Medicare beneficiaries are not allowed to receive help in paying their drug co-payments unless they are covered by a Medicare Advantage or a Medigap program. All of those little messages at the end of the drug commercial saying some company can help with the cost do not apply because “Congress included co-pay requirements in these programs, in part, to encourage market forces to serve as a check on health care costs, including the prices that pharmaceutical manufacturers can demand for their drugs.” Let us leave aside the question of whether this makes good policy and see how the system is gamed. 

Pfizer, the second largest Big Pharma on the Forbes 500 (at position 57 behind #1 J&J) used a charitable foundation to help patients pay for drugs used to treat a kidney cancer as well as a atrial fibrillation, an abnormal heart rhythm. The foundation opened its doors and wallet on the same day the price of the atrial fibrillation drug rose 40%. Pfizer directed patients to the foundation giving them grants of aid to pay those co-payments or in the words of the DOJ “masking charitable contributions to increase company profits.” They were fined 23.85 million.

United Therapeutics makes a drug to treat pulmonary hypertension a disease that affects 1-2 patients/1 million people (heart disease would affect about 250,000/million). Using a “purportedly independent charitable foundation” Medicare beneficiaries were given grants to cover their co-payments. DOJ found that United Therapeutics colluded with the charity looking at the amount the charity was given to patients and adjusting their donations accordingly. Their fine was $210 million. Makes you wonder how much they made to cover that settlement. 

Who’s responsible?

Alere sells a medical device used in the Emergency Department to quickly identify patients with heart attacks, heart failure, drug overdoses using a simple blood test. Unfortunately, the device did not work as well as advertised, and there were multiple complaints about false positive and false negative results. Despite receiving complaints for six years, they failed to act, and in 2012 the FDA began its investigation. Allere’s fine was $33.2m and the senior quality control analyst that blew the whistle received $5.6 million. You have to ask two questions here, what took so long from 2012 to 2018 to resolve this case; and, what about all those complaints by physicians about errors in the electronic health record systems we purchase?

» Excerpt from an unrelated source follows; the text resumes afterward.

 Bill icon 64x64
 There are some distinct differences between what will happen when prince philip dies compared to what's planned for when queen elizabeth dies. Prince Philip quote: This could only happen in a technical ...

When will there be an accounting?

The number 1 bad boy of 2018

Strictly by the numbers, the fine of $581 million paid by Amerisource Bergen Corporation (ABC), a drug wholesaler is the winner. Multidose and single-dose vials of injectable drugs come with a bit of overfill, to make sure that enough of the drug is available. ABC took advantage of that fact to pool vials and create more doses from the overfill. These injectables, used as supportive medications in treating cancer, were then repackaged and sold as single dose pre-filled syringes, presumably as a convenience for physicians. The repackaging was done by a subsidiary “pharmacy;” unfortunately this was not a registered pharmacy and all the necessary safety, stability, and sterility data required was never submitted. This fine represented only the civil penalties, the criminal penalties ran to another $260 million. 

Qui tam pro domino rege quam pro se ipso in hac parte sequitur

The Latin phrase refers to he who sues for himself and the king, the whistle blowers. Most often these are insiders who have developed a concern about what is taking place around them. DOJ continues to receive these concerns at about 12 a week and the evidence provided by these whistleblowers represent 75% of the fines collected, roughly $2.1 billion. They received approximately $301 million for that information. When you consider it as return on investment, it is nearly a 10-fold return for every dollar paid to these whistleblowers. Most of us would be ecstatic with a 15% return, getting $115 for every $100 invested, this is by any measure a great return.

[1] In breaking news, a Christmas buzzkill moment, Michael Babich, Insys’s former CEO pleaded guilty to conspiracy and mail fraud on bribery charges in connection with these kickbacks.